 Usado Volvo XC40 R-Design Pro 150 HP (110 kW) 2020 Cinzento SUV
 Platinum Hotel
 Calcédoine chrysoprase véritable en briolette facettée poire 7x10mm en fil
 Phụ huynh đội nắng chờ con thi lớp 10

------------------------------------

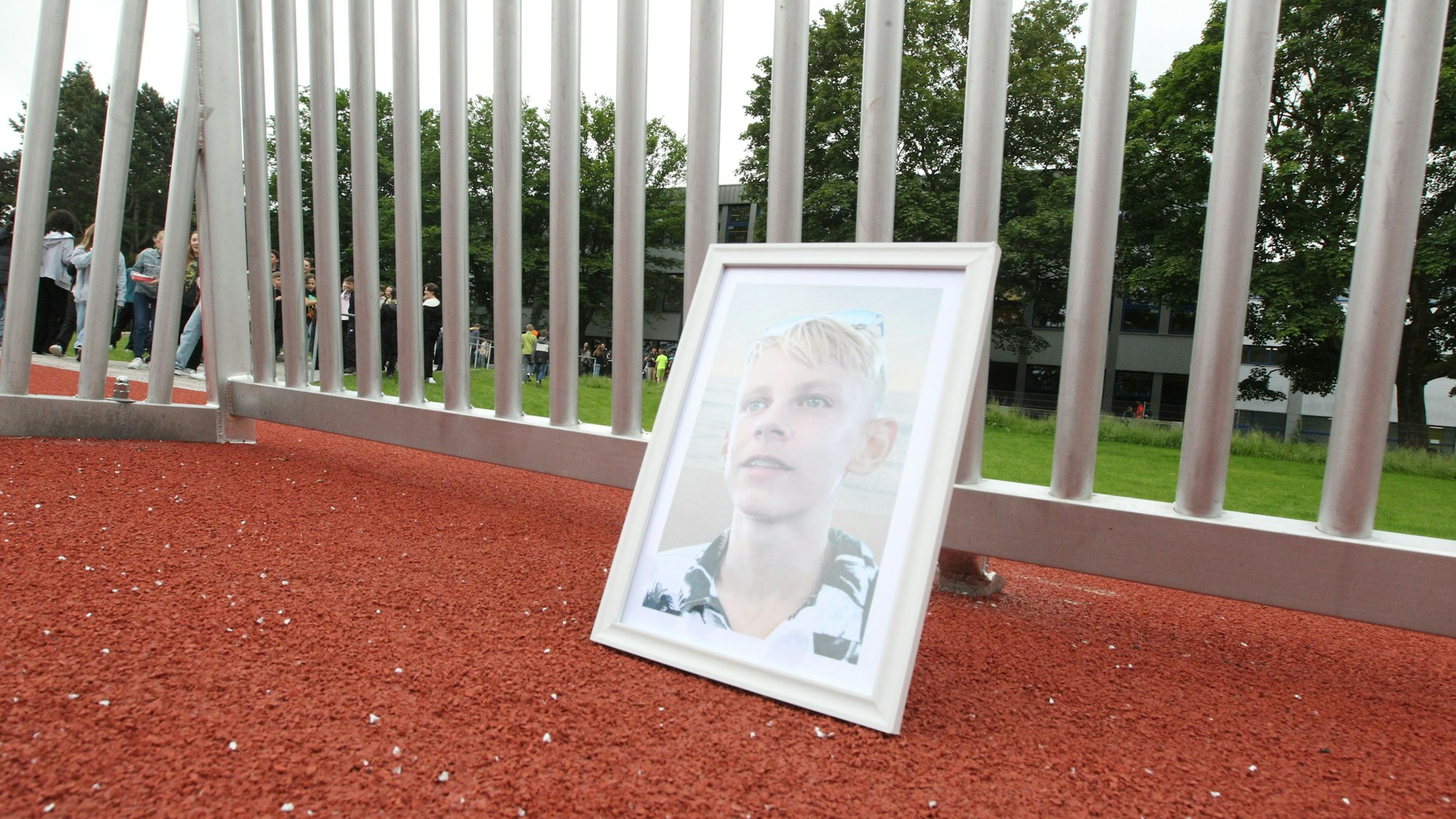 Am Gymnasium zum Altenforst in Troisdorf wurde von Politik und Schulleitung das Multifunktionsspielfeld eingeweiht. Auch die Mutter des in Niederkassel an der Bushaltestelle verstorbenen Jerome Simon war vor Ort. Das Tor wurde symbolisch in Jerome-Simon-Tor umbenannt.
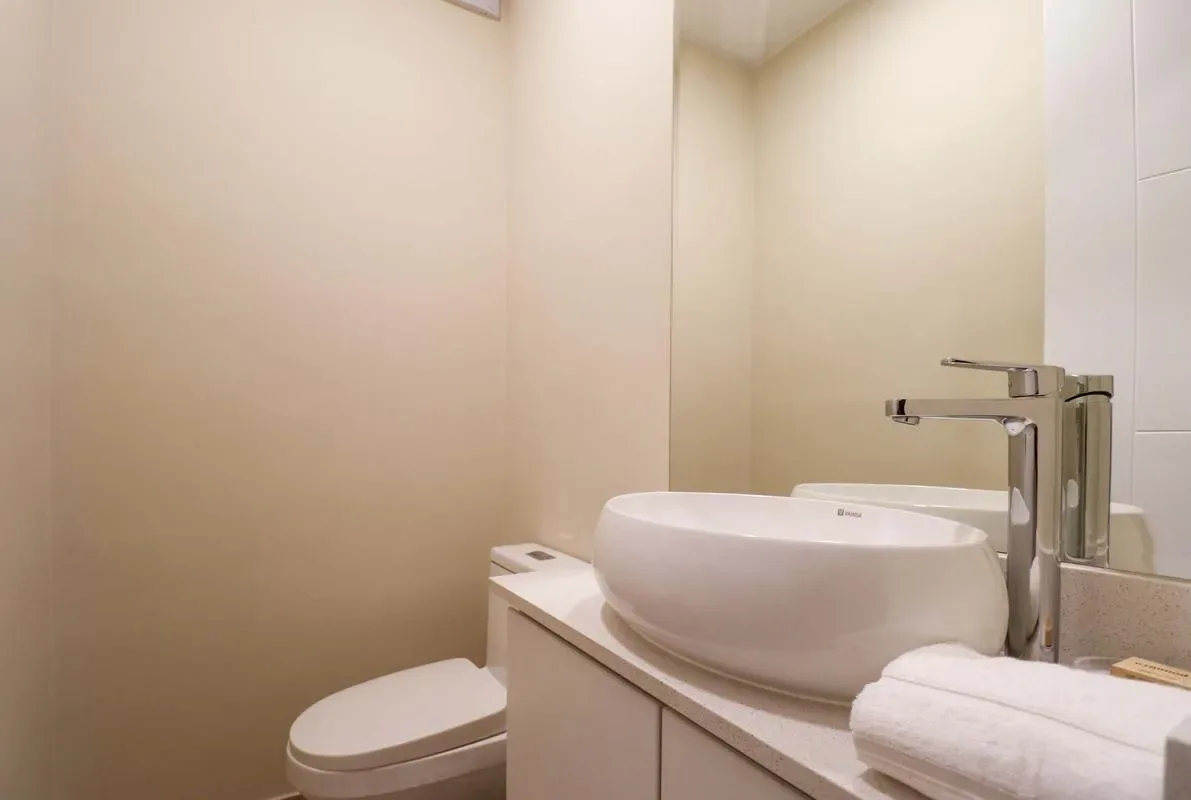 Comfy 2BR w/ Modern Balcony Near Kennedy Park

------------------------------------

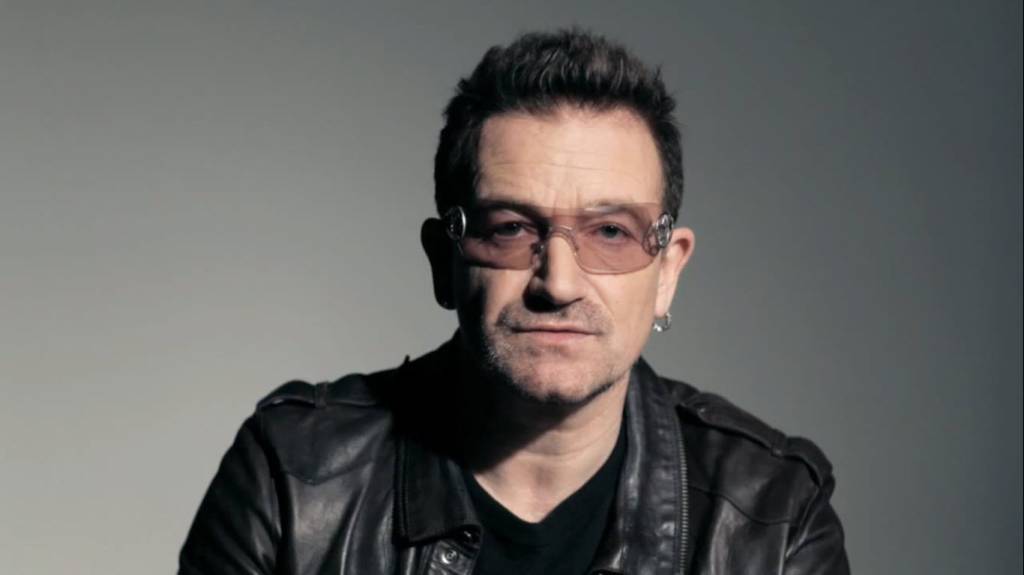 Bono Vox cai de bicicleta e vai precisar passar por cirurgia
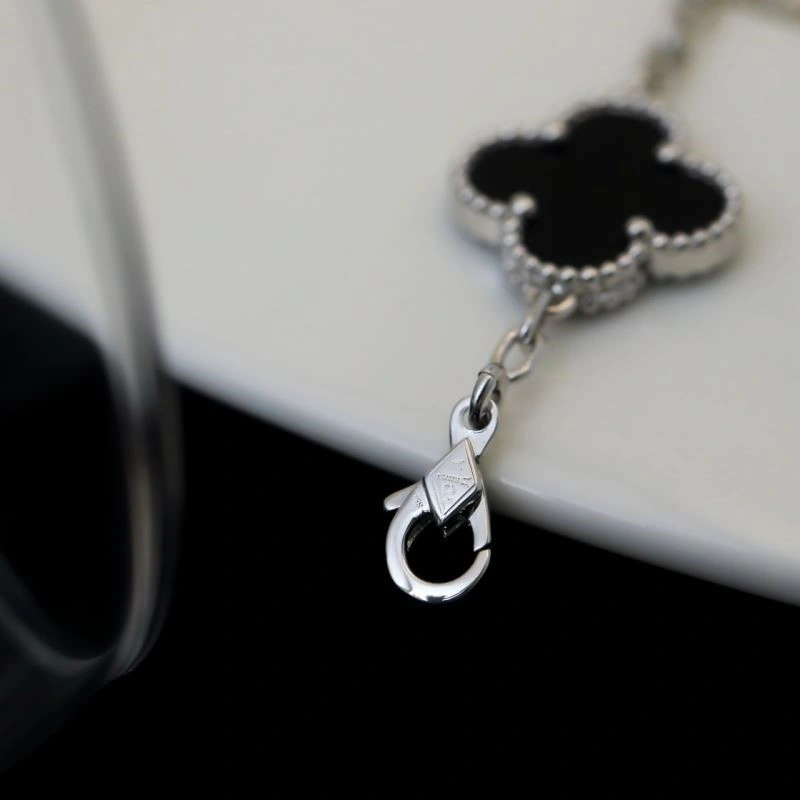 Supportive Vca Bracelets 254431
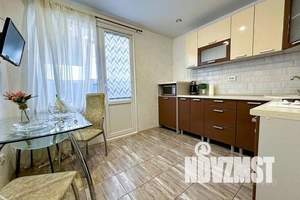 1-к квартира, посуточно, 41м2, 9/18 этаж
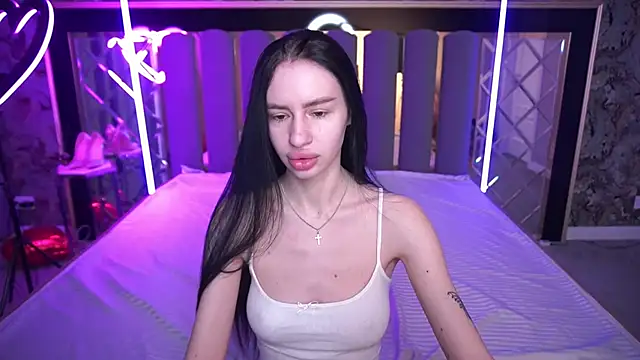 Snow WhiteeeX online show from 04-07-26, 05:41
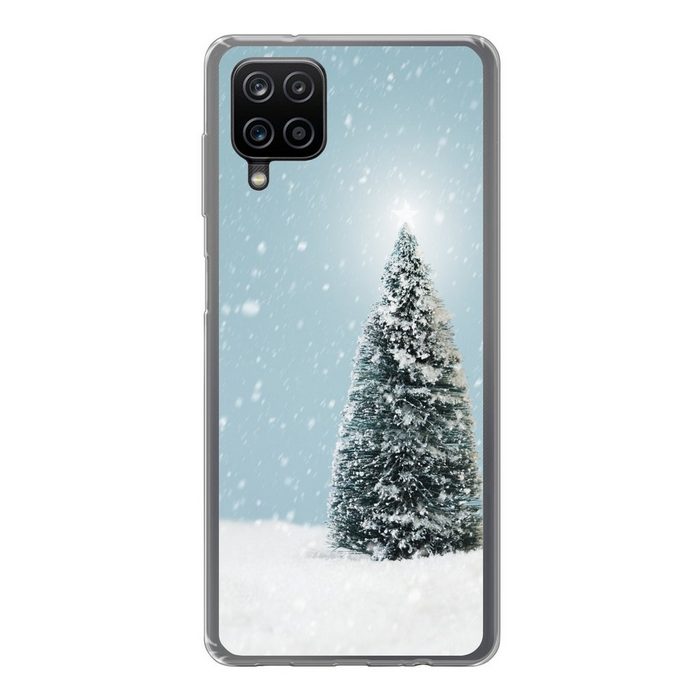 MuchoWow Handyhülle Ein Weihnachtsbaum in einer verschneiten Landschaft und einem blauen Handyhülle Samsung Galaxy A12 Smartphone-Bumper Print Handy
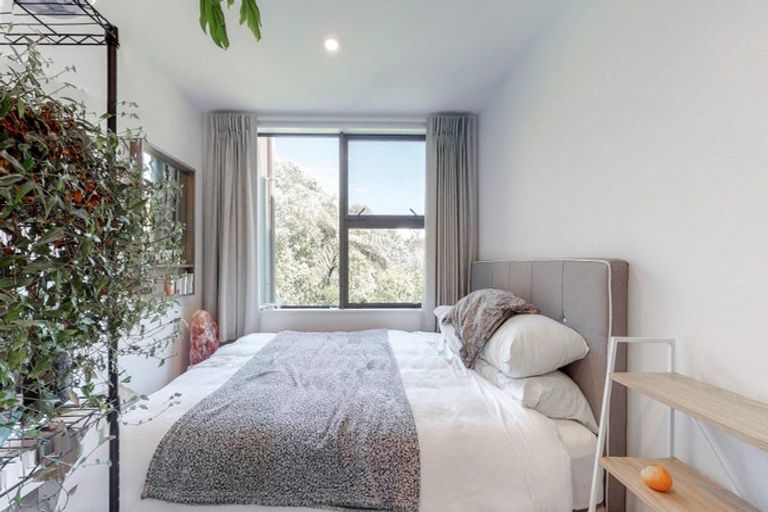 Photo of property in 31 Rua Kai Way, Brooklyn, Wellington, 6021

------------------------------------

> **INSTRUCTIONS TO FOLLOW**
Leave out every line above except those from the line with "Platinum Hotel" up to and including the line with "Phụ huynh đội nắng chờ con thi lớp 10", and copy those exactly.

> **COMPLETED TASK**
 Platinum Hotel
 Calcédoine chrysoprase véritable en briolette facettée poire 7x10mm en fil
 Phụ huynh đội nắng chờ con thi lớp 10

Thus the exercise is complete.